STENCIL-NET for learning smooth dynamics from noisy data. (A) Korteweg-de Vries data with point-wise data-dependent additive Gaussian noise of $σ = 0.1$ used for training. (B) STENCIL-NET prediction after training for 10,000 epochs on a $4 \times$ coarser grid using data up to time 1.0 (dashed vertical line). (C) Point-wise absolute error between the STENCIL-NET prediction and the noise-free ground-truth KdV dynamics.

Also for this noisy case, we compare STENCIL-NET with CNN and FNO architectures, as in the Burgers case without noise. The results in Table 3 show that for low sub-sampling factors, the CNN better predicts the ground-truth signal than the STENCIL-NET, but the STENCIL-NET generalizes significantly better to coarser grids. However, we were unable to train a stable STENCIL-NET with 2264 parameters (used on $4 \times$ and $8 \times$ downsampling) for prediction with $2 \times$ downsampling. This difference in parameterization could cause the spectral properties of the neural networks to differ, such that error estimates cannot be compared across resolutions in this case. Like in the forced Burgers case, the STENCIL-NET is computationally more efficient than both the CNN and FNO (Table 4). Taken together, this example shows the potentially powerful capabilities of STENCIL-NET to extract consistent dynamics from noisy data.

Table 3.

Prediction Mean Square Error (MSE) comparison for the Korteweg-de Vries (KdV) test case with different spatial sub-sampling and $q = 4$ after 10,000 epochs of training.

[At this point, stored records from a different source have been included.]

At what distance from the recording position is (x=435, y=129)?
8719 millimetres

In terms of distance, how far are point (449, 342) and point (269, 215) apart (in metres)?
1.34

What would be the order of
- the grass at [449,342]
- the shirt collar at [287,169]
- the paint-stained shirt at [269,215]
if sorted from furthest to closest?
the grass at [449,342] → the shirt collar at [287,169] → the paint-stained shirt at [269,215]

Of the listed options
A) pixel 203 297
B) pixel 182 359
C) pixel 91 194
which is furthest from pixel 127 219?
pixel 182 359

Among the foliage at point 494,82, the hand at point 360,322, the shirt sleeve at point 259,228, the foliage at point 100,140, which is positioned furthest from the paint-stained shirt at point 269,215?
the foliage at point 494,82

Prediction MSE	$2 \times$	$4 \times$	$8 \times$
STENCIL-NET	0.03276	$0.01024$	$0.02509$
CNN	$0.01532$	0.02174	0.07613
FNO	0.03078	0.04860	0.06978

Open in a new tab

For $4 \times$ and $8 \times$ sub-sampling, the STENCIL-NET has 2264 parameter, the CNN 2281, and the FNO 2665. For $2 \times$ sub-sampling, the STENCIL-NET has 8897 parameters, the CNN 8761, and the FNO 8681. In all cases, the prediction error is averaged over a time window two times longer than the training domain. MSEs are averaged over all stable configurations from 5 independent repetitions of the experiment for different network initialization.

Best performance is highlighted in bold.

Table 4.

Top: Average (over 1000 epochs) training time per epoch compared between the STENCIL-NET, CNN, and FNO from Table 3 with $4 \times$ spatial sub-sampling for different training time horizons q. Bottom: Average (over 50 time steps) simulation/inference time per time-step for the KdV test case with different sub-sampling. Best performance is highlighted in bold as measured on a Nvidia A100-SXM4 GPU.

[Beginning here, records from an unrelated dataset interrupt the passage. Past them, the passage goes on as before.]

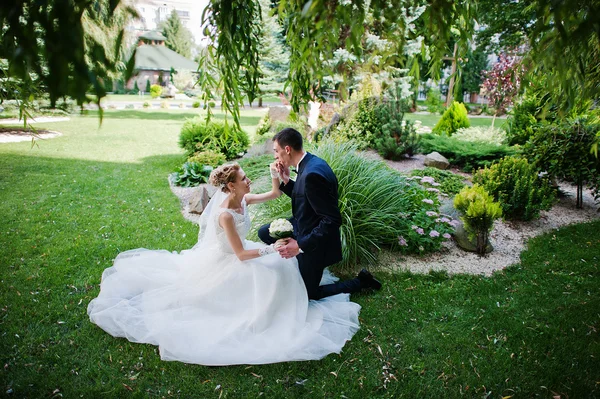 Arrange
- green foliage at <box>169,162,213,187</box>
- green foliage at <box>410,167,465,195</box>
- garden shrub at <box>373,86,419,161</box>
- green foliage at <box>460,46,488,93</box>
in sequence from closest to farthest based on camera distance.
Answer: green foliage at <box>410,167,465,195</box> → green foliage at <box>169,162,213,187</box> → garden shrub at <box>373,86,419,161</box> → green foliage at <box>460,46,488,93</box>

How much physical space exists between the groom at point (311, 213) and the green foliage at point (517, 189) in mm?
3335

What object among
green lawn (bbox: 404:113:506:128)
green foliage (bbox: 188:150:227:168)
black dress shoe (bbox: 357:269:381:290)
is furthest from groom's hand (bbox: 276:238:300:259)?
green lawn (bbox: 404:113:506:128)

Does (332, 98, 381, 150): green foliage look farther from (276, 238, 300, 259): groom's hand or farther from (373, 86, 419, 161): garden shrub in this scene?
(276, 238, 300, 259): groom's hand

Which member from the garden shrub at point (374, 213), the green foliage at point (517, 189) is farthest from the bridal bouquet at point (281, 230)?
the green foliage at point (517, 189)

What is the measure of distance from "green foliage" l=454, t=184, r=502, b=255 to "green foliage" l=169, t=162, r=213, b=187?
531 centimetres

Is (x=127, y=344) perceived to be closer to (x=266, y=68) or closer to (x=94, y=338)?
(x=94, y=338)

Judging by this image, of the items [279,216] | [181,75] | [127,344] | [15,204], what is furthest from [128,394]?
[181,75]

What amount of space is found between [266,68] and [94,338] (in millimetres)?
17318

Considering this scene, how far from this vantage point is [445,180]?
7.45 m

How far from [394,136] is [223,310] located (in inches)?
276

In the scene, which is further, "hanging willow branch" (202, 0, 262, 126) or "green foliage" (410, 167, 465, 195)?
"green foliage" (410, 167, 465, 195)

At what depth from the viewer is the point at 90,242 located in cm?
521

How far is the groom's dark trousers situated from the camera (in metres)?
3.38

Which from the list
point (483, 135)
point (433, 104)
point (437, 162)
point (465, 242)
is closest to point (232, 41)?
point (465, 242)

Training time (sec)	$q = 2$	$q = 4$	$q = 6$
STENCIL-NET	$0.01395$	$0.02582$	$0.03770$
CNN	0.03880	0.07572	0.1132
FNO	0.06878	0.1284	0.1902

Simulation time (sec)	$2 \times$	$4 \times$	$8 \times$
STENCIL-NET	$0.00120$	$0.00119$	$0.00111$
CNN	0.00312	0.00307	0.00303
FNO	0.00640	0.00600	0.00559

Open in a new tab

Conclusions

We have presented the STENCIL-NET architecture for equation-free forecasting from data. STENCIL-NET uses patch-wise parametric pooling and discrete time integration constraints to learn propagators of the discrete dynamics on multiple resolution levels. The design of the STENCIL-NET architecture rests on a formal connection between MLP convolutional layer, rational functions, and solution-adaptive WENO finite-difference schemes. This renders STENCIL-NET approximations valid numerical discretizations of some latent nonlinear dynamics. The accuracy of the predictions also translates to better generalization power and extrapolation stability to coarser resolutions than both Convolutional Neural Networks (CNNs) and Fourier Neural Operators (FNOs), while being computationally more efficient in both training and inference/simulation. Through spectral analysis, we also found that neural architectures capture the power spectrum of the true dynamics, discounting the effects of spectral bias when checking for consistency. We have thus shown that STENCIL-NET can be used as a fast and accurate forecaster of nonlinear dynamics, for model-free autonomous prediction of chaotic dynamics, and for detecting latent dynamics in noisy data.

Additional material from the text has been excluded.